I think Einstein got that right. Knowledge is extremely important for our species and consequently I think those who set out to discredit or slander our knowledge are really acting against the interests of humanity.

But, a cynical or disparaging attitude towards knowledge is, unfortunately, quite common. And it’s not just fundamentalist religious believers who are guilty. This approach keeps coming up in the climate change debate. It’s also common with those who promote “alternative” health therapies such as crystals, homeopathy, etc.

These people often talk about of “big science,” the “science establishment,” “corruption in science,” “business links to science,” and so on.

Science is accused of being based on faith, a dogma, or even a religion.

Of course, these slanders are used in an opportunistic way. These same commentators are quite happy to use opinions of scientists to support their own arguments – even when those scientists are obviously connected with big business or are really presenting a religious viewpoint.

Scientists are human

Of course scientists are no better than the rest of us. They are capable of bias, prejudice and working for commercial, religious or political interests. In themselves, their opinions don’t have any special value. And scientists are also susceptible to the perfectly human frailty of using information selectively to support a pre-conceived theory or belief.

However, the scientific enterprise is wider than the activity or opinions of individual scientists. Three features of scientific knowledge and activity are important:

  • Knowledge is based on, and checked against, reality;
  • Science is very much a social activity;
  • It is a sceptical process and encourages scepticism.

This means that whatever the prejudices or desires of the individual practitioner, evidence is required to support ideas or theories and these are tested experientially. The social scientific environment requires this. Ideas, theories and supporting evidence are scrutinised by colleagues and other competing scientists. They must be submitted to peer review. Once incorporated into an accepted body of knowledge scientific theory is not immune to further investigation, testing, modification or rejection. Science is a dynamic process – nothing is set in stone.
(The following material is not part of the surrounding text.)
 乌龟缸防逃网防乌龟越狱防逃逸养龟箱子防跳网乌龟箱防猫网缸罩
Reality, not authority or opinion, is the final arbiter.

As a body of knowledge, science has therefore much more validity and authority than the opinions or ideas of individuals.

Protection from political, commercial and religious pressures

pressureOf course science does come under political, commercial and religious pressure. The funding of scientific research by business interests is a current issue in New Zealand. It can be positive – after all it’s about time business helped finance research as they do benefit from new knowledge. (And really it is in the long-term interests of business to accept this knowledge even when it appears to conflict with their short-term interests). On the other hand, business will sometimes attempt to predetermine research results, or hide findings they are unhappy with.
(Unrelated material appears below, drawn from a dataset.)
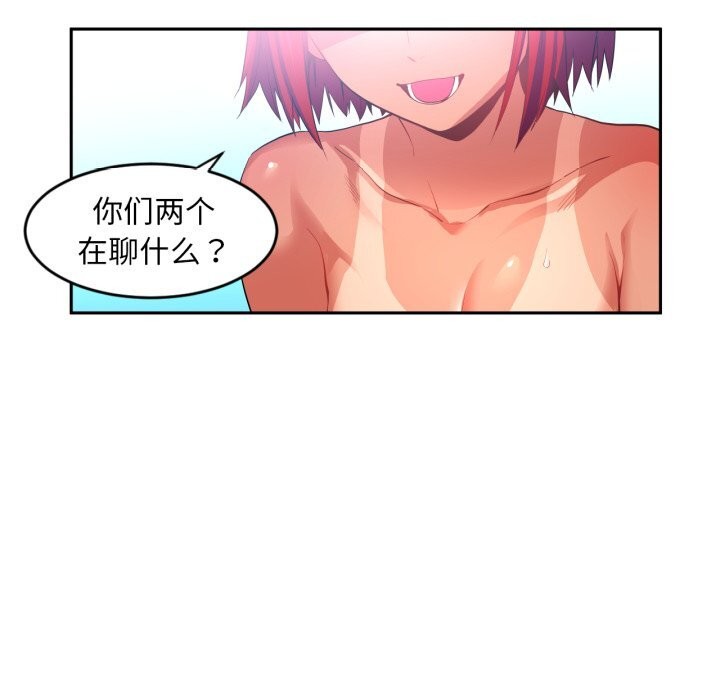 22P - 她的直播间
It’s easy to find scientist who have prostituted themselves to commercial or religious interests. Consider scientists promoting products in advertisements or “intelligent design” in opinion articles.

But the best protection against this is the operation of the scientific method. Its reliance on objective evidence and testing against reality. The sceptical process which operates in the scientific community. And the fact that accepted knowledge is always open for review, further testing and modification.

Our knowledge must always be open to criticism and re-evaluation. But such scepticism must be based on consideration of evidence – not slander of existing knowledge and those involved in scientific investigation. When I find commentators supporting their arguments with slanderous attacks on science and knowledge I see it as a weakness.

Slander is never convincing.

*Acknowledgment for cartoon to Matthew Shultz & the Union of Concerned Scientists: Science Integrity Editorial Cartoon Contest.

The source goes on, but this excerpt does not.